USC Football: Pete Carroll Brought College Football To the People
While the recent ruling by the NCAA’s Committee on Infractions has tarnished Pete Carroll’s legacy, in the minds of many, this writer included, Pete Carroll remains one of the all-time great coaches in college football.
What Carroll did in his nine years at USC was nothing less than phenomenal. He took a losing program that was lethargic and unmotivated and pumped his own dynamic brand of energy into the entire program from the returning players to new recruits.
He made Carson Palmer a Heisman Trophy winner and positioned the Trojans to go on and win two national championships, seven consecutive PAC-Ten Championships and make seven consecutive BCS Bowl appearances.
Carroll also made Matt Leinart and Reggie Bush Heisman Trophy winners and had the Trojans nationally ranked in the Top Four over seven consecutive seasons.
While the NCAA can vacate 14 of USC’s victories including one National Championship, they cannot remove the memories of those victories and the glory years under Carroll.
Some have called him arrogant, mostly out of jealousy. His celebrity status, that included appearances on shows such as “60 Minutes” and on the covers of national magazines, offended many in the ranks of the NCAA as well as sports writers and other pundits, who feel that college coaches should not have such close rapport with their players or be able to relate with these young men on their own level.
They were offended by a coach who spent some of his spare time surfing in the Pacific on a boogie board or cavorting with celebrities in the locker room to the amusement of his players.
In short, these are the misanthropes who are offended by anyone who truly seizes life, living it to the fullest and daring not to care what the NCAA, ESPN, Bill Plaschke or Scott Wolf think about it.
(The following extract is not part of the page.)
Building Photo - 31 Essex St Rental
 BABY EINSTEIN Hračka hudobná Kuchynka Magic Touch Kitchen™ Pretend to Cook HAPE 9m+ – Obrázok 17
But neither Pete Carroll’s coaching success nor his celebrity status are anything compared to his true legacy – the legacy that he brought to even the most common and underprivileged of us.
Pete Carroll brought college football to the people. Not just the undergraduates and alumni who are intelligent and fortunate enough to secure a college education. But to people who have never been in college and many who have not even been to high school.
He made the USC Trojans everyone’s team, the team of the people.
The NCAA is punishing USC (and perhaps deservedly so, I will not be the judge) for this, which is Pete Carroll’s greatest legacy.
USC is being punished because Pete Carroll had such enthusiasm for the game of football and for the young men that he coached that he opened the doors of Howard Jones Field to everyone, young and old, rich or poor, educated or not.
He showed all of us how football was played from the ground up. From the conditioning drills, to the fundamentals, to the seven-on-sevens, to the special team drills, to the intrasquad scrimmages.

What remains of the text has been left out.